* _Requirement_:
All that is needed is every line of the listing below that has "Pflanzen".
+++ Data extracts +++
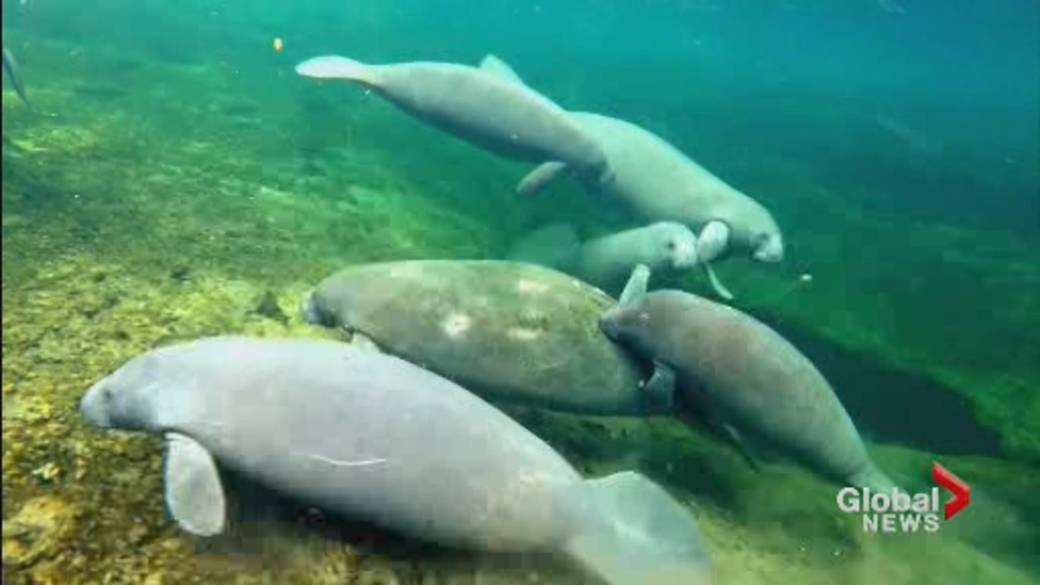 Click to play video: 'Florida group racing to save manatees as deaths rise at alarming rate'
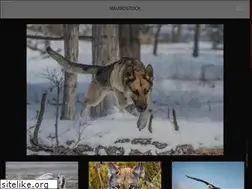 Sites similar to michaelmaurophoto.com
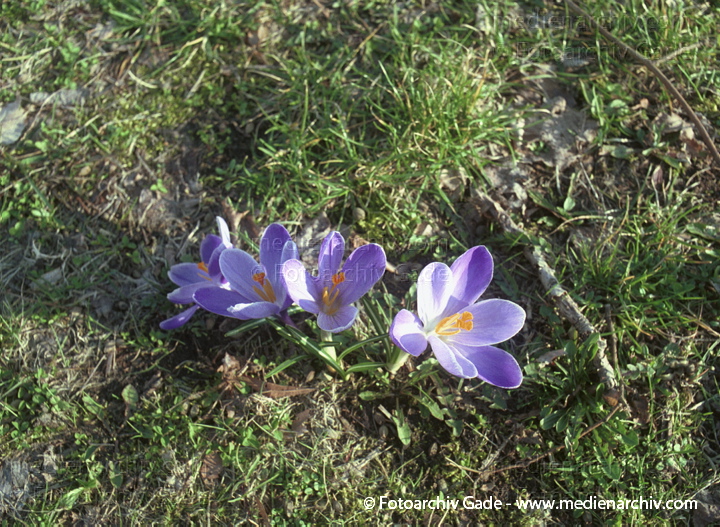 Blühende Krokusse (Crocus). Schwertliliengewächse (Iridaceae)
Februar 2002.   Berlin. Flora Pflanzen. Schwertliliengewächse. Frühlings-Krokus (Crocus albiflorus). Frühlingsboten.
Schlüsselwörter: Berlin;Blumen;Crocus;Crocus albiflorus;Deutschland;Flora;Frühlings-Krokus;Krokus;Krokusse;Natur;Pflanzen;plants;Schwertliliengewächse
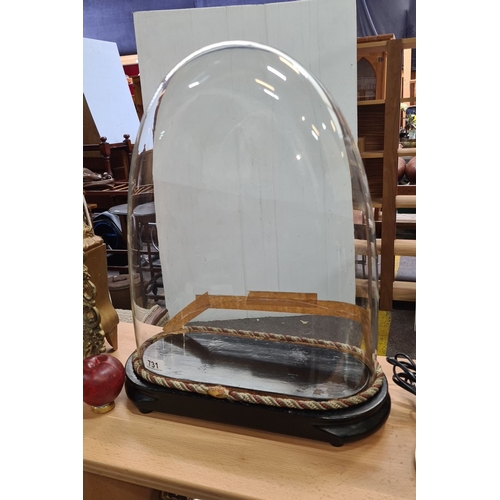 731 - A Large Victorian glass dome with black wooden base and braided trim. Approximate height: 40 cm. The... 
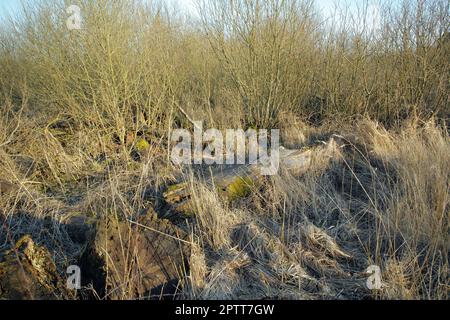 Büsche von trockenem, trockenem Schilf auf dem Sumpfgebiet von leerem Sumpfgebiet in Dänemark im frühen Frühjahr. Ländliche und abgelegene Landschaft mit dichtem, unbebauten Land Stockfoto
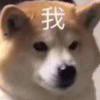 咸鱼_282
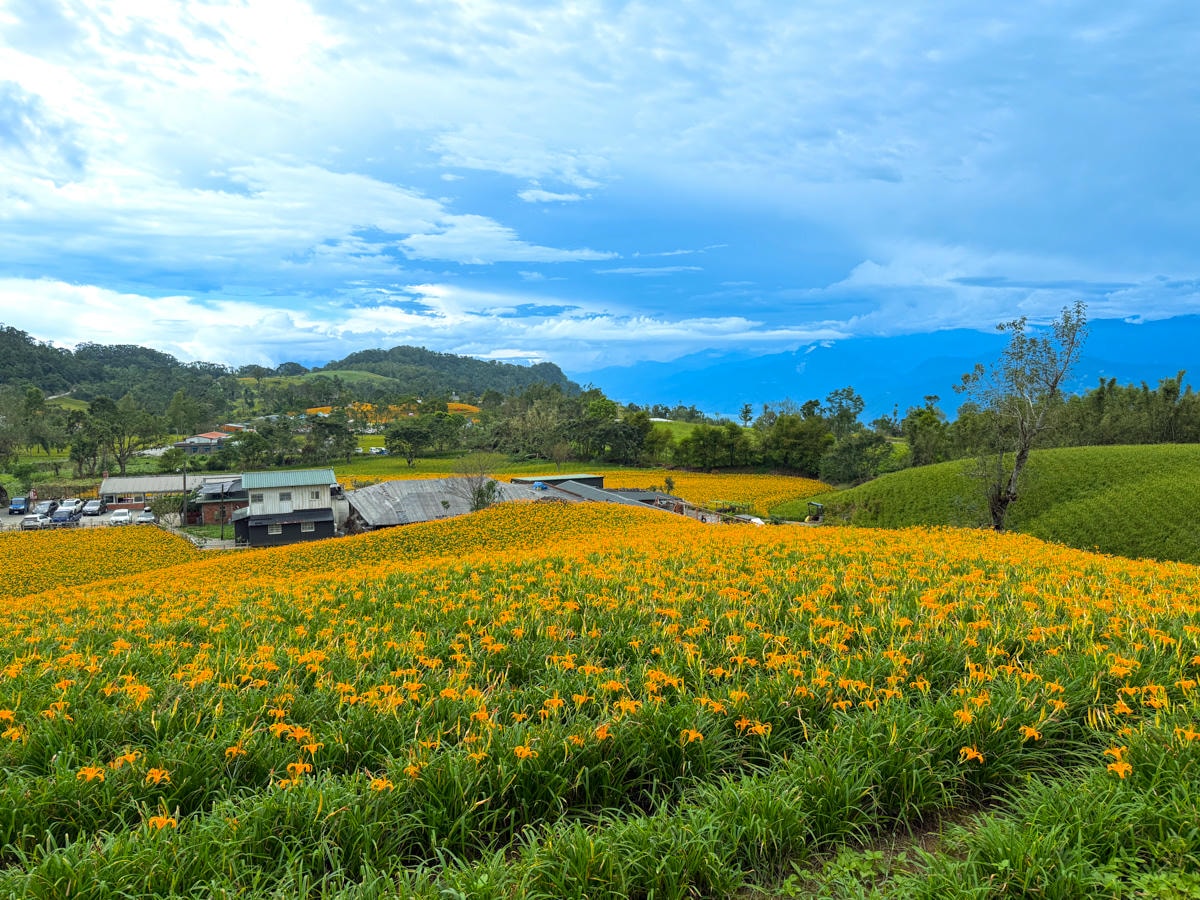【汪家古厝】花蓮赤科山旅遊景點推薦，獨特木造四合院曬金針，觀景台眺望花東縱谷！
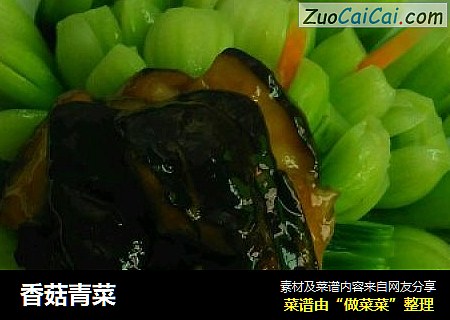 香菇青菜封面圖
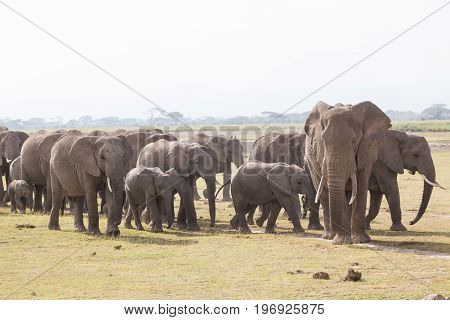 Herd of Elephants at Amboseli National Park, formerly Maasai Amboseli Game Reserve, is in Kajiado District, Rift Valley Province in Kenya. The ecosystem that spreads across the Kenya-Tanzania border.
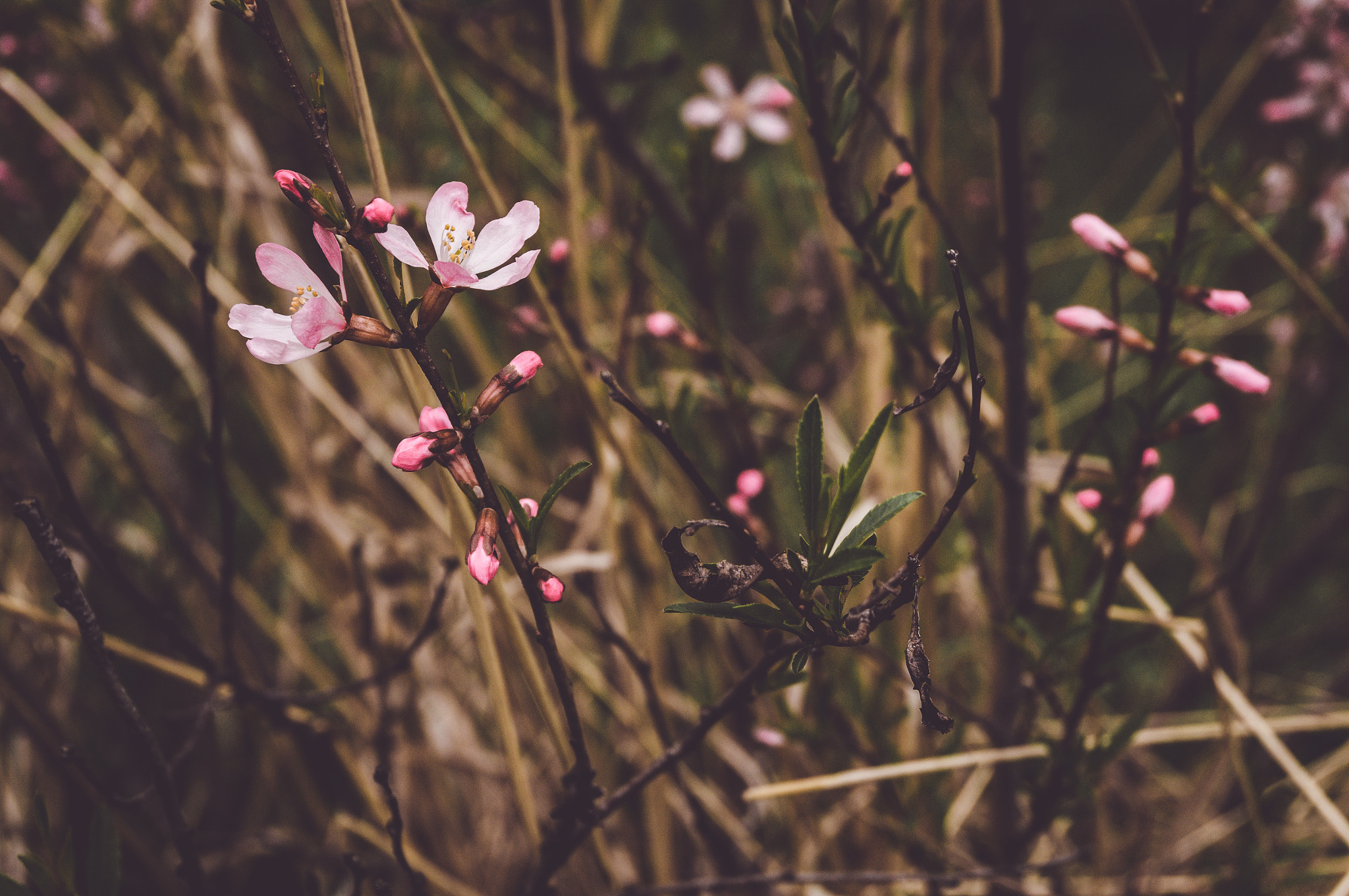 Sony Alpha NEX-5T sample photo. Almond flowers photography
+++
* _Written solution_:
Februar 2002.   Berlin. Flora Pflanzen. Schwertliliengewächse. Frühlings-Krokus (Crocus albiflorus). Frühlingsboten.
Schlüsselwörter: Berlin;Blumen;Crocus;Crocus albiflorus;Deutschland;Flora;Frühlings-Krokus;Krokus;Krokusse;Natur;Pflanzen;plants;Schwertliliengewächse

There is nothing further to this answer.